Next, gently swirl the beer in your glass to release a little of the hop aroma through the carbonation, and inhale the aromas.

Smell is an essential, if sometimes forgotten, element of taste. What flavors can you detect just from the aroma of the beer? Can you smell the hops with aromas of floral, grass, herbs, or citrus? Or do you smell more of the malt with the aromas of caramel, biscuit, or dark chocolate?

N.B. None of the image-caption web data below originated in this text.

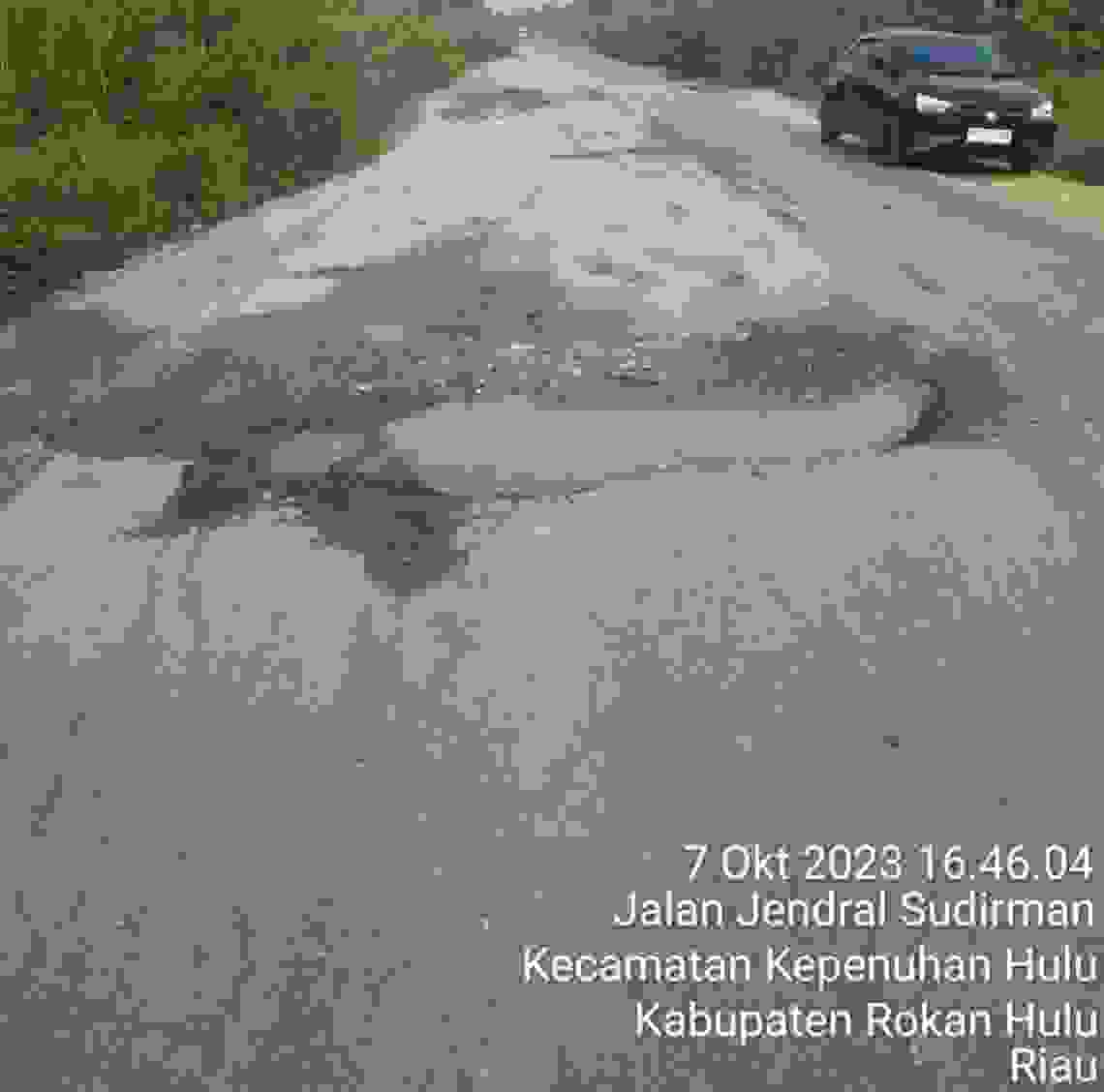 Kondisi jalan berlobang di kepenuhan hulu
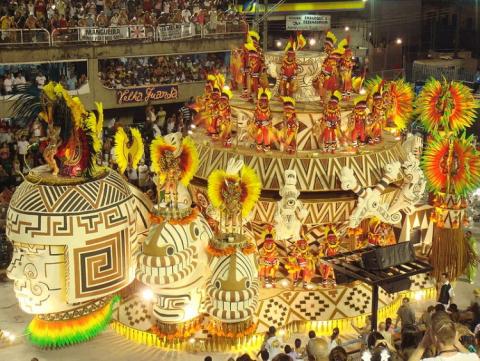 800px-carnivalinriodejaneiro.jpg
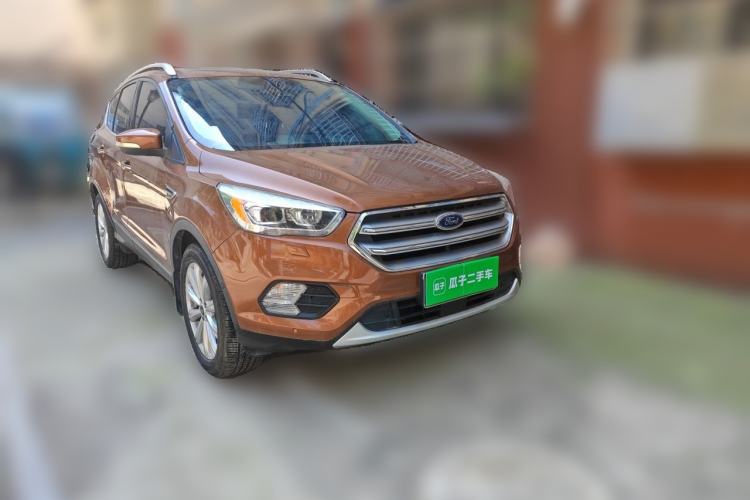 Used Ford Kuga 2017 EcoBoost 180 Four-Wheel Drive Titanium Edition Front Right 45 Deg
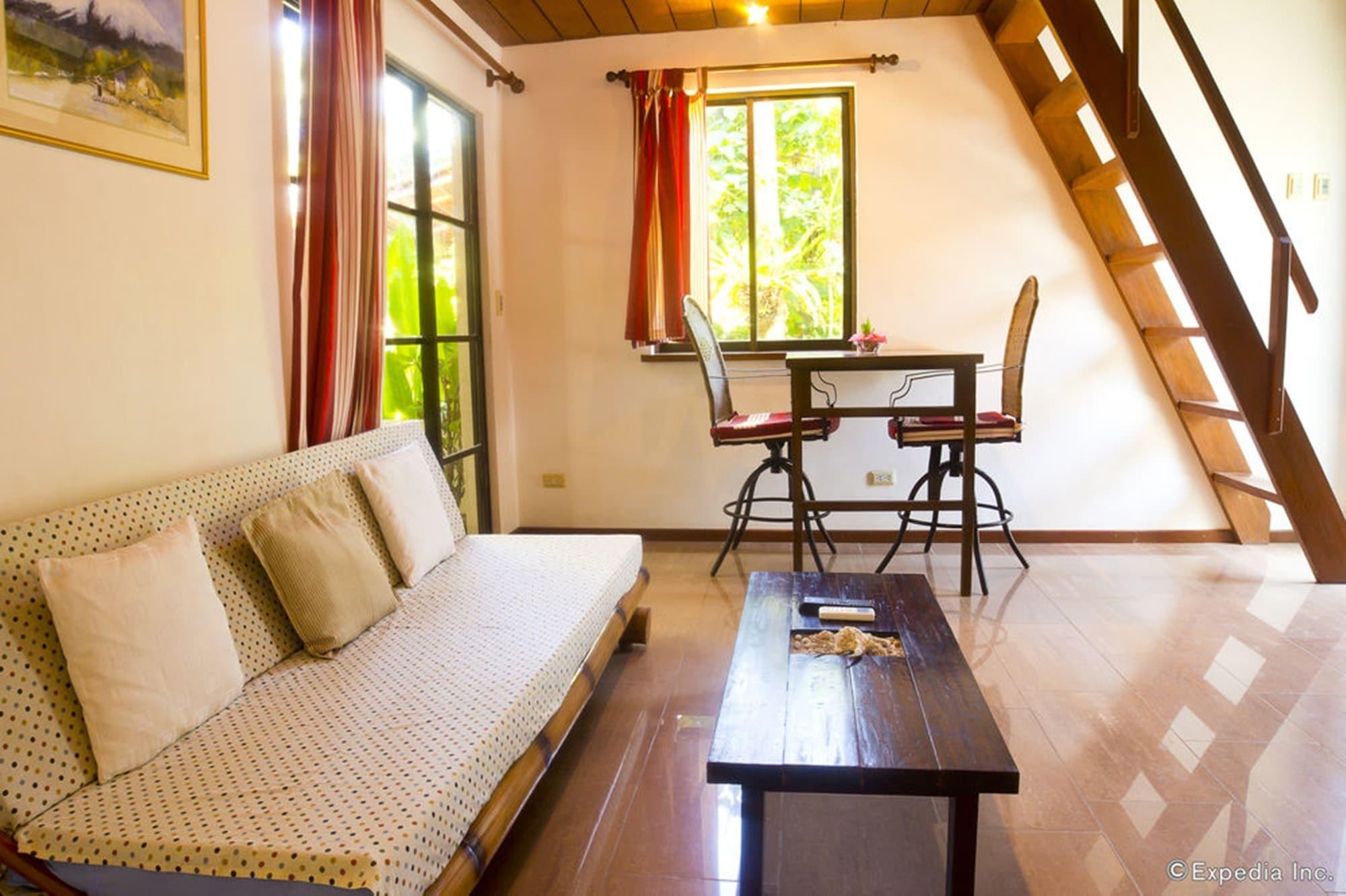 Reef Retreat Resort Balabag  Экстерьер фото
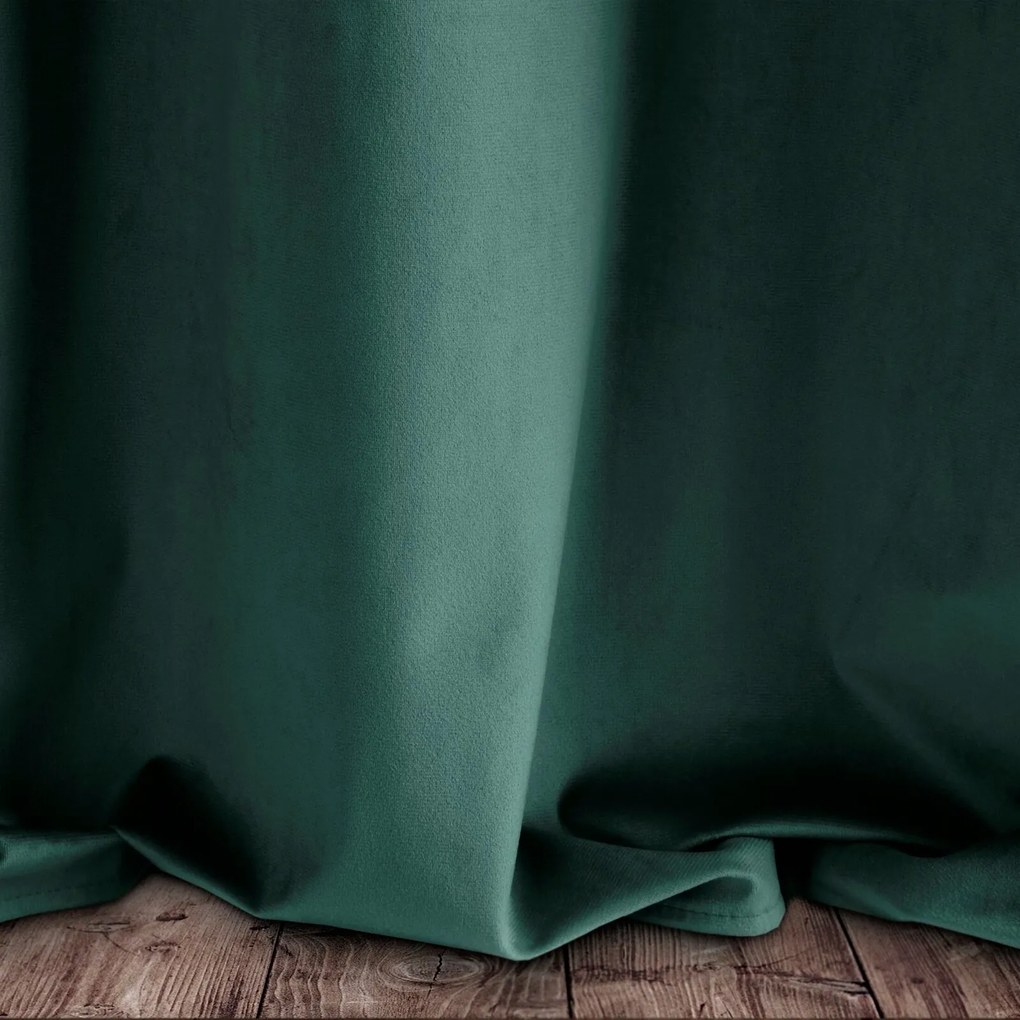ZATEMŇOVACÍ ZÁVES NA KRÚŽKOCH PIERRE 140X250 CM TMAVÁ ZELENÁ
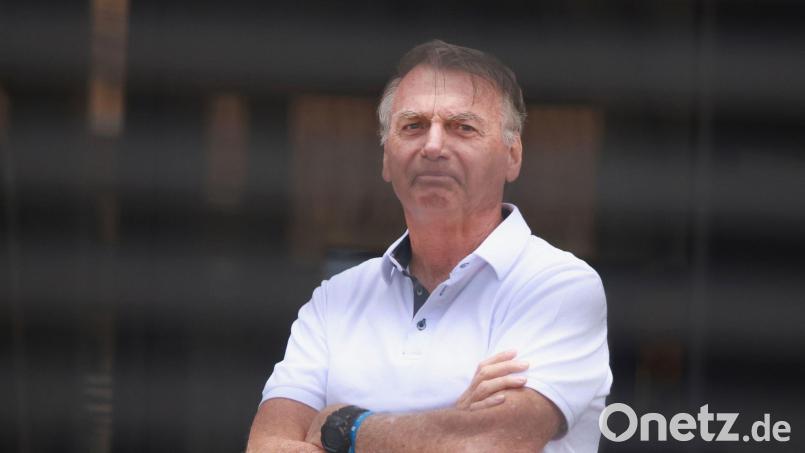Der brasilianische Ex-Präsident Bolsonaro verbüßt eine 27-jährige Haftstrafe. (Archivbild) Bild: Luis Nova/AP/dpa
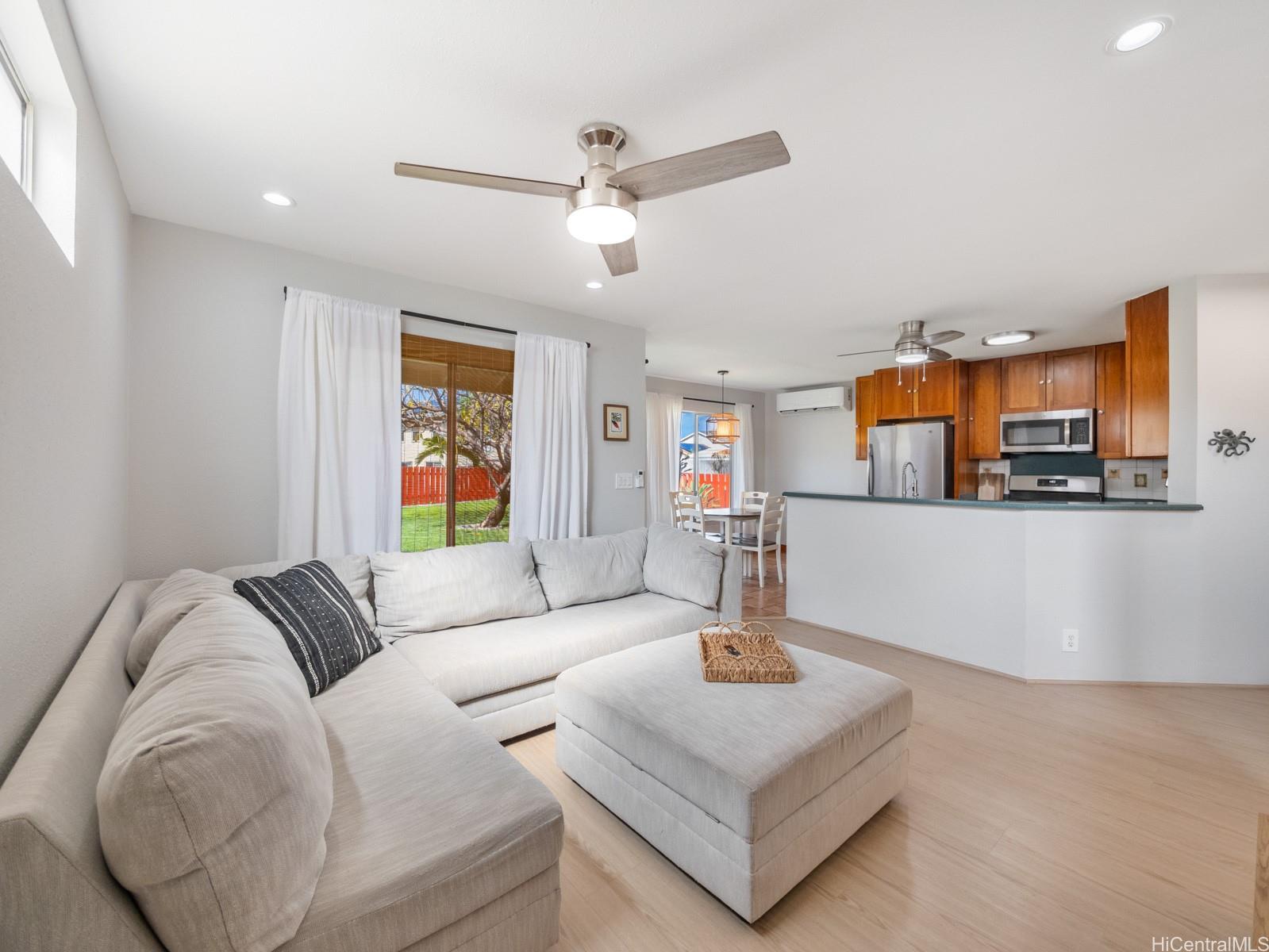 87-131 Helekula Pl Waianae - Rental - photo 3 of 21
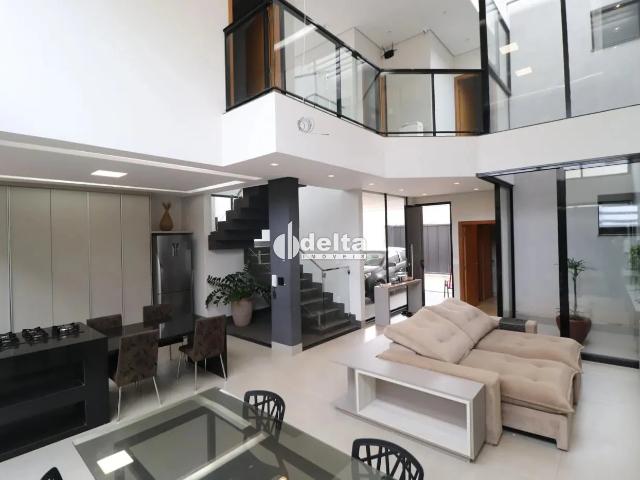 Casa / Sobrado para Locação em Uberlândia/MG Minas Gerais 4 Quartos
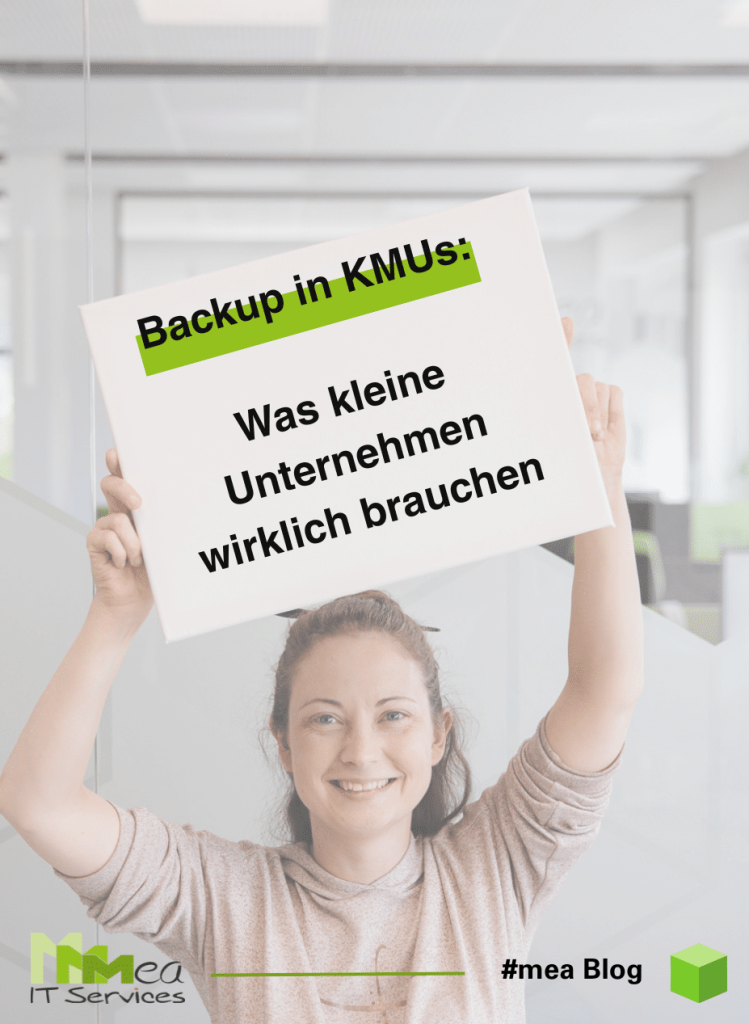 Frau hält Schild in die Höhe mit der Aufschrift: "Backup in KMUs: Was kleine Unternehmen wirklich brauchen"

There may also be an indication of the spices used in the beer such as the winter spices of cinnamon and ginger or the citrus of orange and lemon. Now let's get to the good stuff and see if those aromas carry over to the flavor of the beer.

Step 3: Taste

Ah... the moment of truth. Do all of those aromas deliver in the taste of the beer itself? There is such a wide array of flavors that can be found in beer. Each layer of flavor should be apparent and in balance.

As the beer crosses your palate the first taste on the front of your tongue should be the malt sweetness. That malt character can take on flavors from roasted caramel, toffee, and nutty flavors to dark chocolate, and coffee.

That sweetness and smoothness should be balanced by the spice and bitterness of the hops. The hops offer a range of aromatic spice from earthy and piney to floral and citrusy.

The tastes of the malt, hops, and other spices are also combined with the wide spectrum of flavors imparted by the yeast and fermentation character. These elements give the beer its unique character and depth of flavor depending on the variety of yeast and process that's used. Some yeasts can give a crisp dry finish, others can give a fruity character. For other more exotic styles, the beer will get its spicy, sour, or tropical fruit flavors from their special yeasts.

Step 4: Body

Next, experience the body and mouth-feel of the beer. As the beer crosses the middle of your tongue how does it feel? Is it thin or chewy? The level of effervescence in the beer combines with the residual sugars and alcohol to give an impression that can be from crisp and light to rich and dense.

Step 5: Finish

The last part of tasting is the finish of the beer. As the beer flows past your tongue to the back of your throat what impression is left behind? Does it have a dry, bitter, or sweet taste at the end? The taste can fade quickly or have a lingering flavor of sweetness or bitterness. The last and final key to evaluating the beer is simple. Does it leave you wanting another sip? If the answer is yes, then that means it is a good beer!